I heard somewhere (although I can’t vouch for whether it’s true) that The Juniper Tree is the story most often omitted or edited from collected editions of the Brothers Grimm on grounds of taste. If anybody wanted to argue that fairy tales aren’t suitable reading material for young children, they might well point to this one. It contains the murder of an innocent child and the cannibalisation of his remains by his family. Gory stuff, but it also contains resurrection and metamorphosis and some serious avian weight-lifting. You can read a version of it here…
http://www.surlalunefairytales.com/authors/grimms/47junipertree.html
There’s an English sister story to the German Juniper Tree. It’s called The Rose Tree and it swaps the little boy at the centre of the story for a little girl, swaps summer for winter, and swaps the happy ending for an almost recklessly sad one.
http://www.authorama.com/english-fairy-tales-5.html
I can’t decide which of the two I like the most.

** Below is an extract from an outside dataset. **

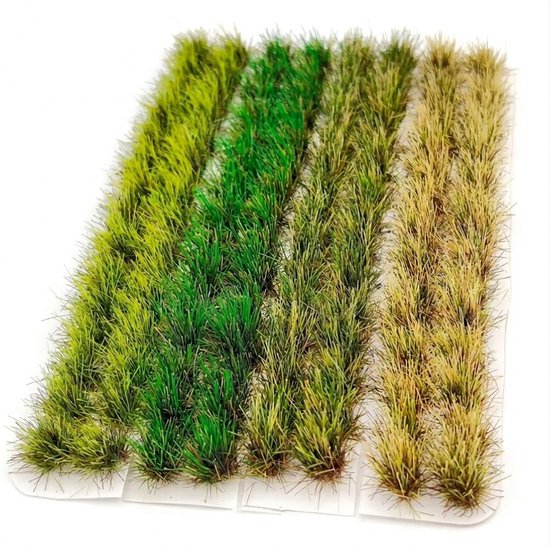 Rechthoekige matten met modelgras in verschillende tinten groen en beige, klaar om te gebruiken.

I was going to write and draw about just one, but in the end there were images from both that stuck too hard. Thinking about them in tandem, they’ve become jumbled up in my head, and the little hero and heroine have become a kind of Hansel and Gretel pairing wandering about in simultaneous woods. This picture shows the little boy from The Rose Tree, who never quite manages to cease weeping after his mother murders his sister…
Botanists beware that the rose and juniper trees in these pictures don’t much resemble the actual plants in question. But then, neither do the ones in the story. These trees are very much living beings, involved in the lives of the families in whose orchards they grow. The juniper tree, in particular, actually engenders the little boy who we follow through the story. His mother is desperate for a child, and after eating the berries from the tree she conceives. Lo and behold, nine months later a little boy is born, red as blood and white as snow. Upon giving birth to the boy, the new mother is so very happy that she lies down under the juniper tree and dies. The imagery is so strong (enchanted fruit, immaculate conception, sacrifice of the innocent, resurrection…) it could be bent into a metaphor for all kinds of things. But personally I find these two stories very resistant to interpretation. I enjoy them more just as they are: more like tone poems than parables. And the tone isn’t as horrifying as the gruesome events might imply. Instead it’s sad and wistful, because it’s heart-breaking to follow a little child through such grim times. The world can be a cruel and unkind place, the stories seem to warn, but you can still snatch goodness back from it.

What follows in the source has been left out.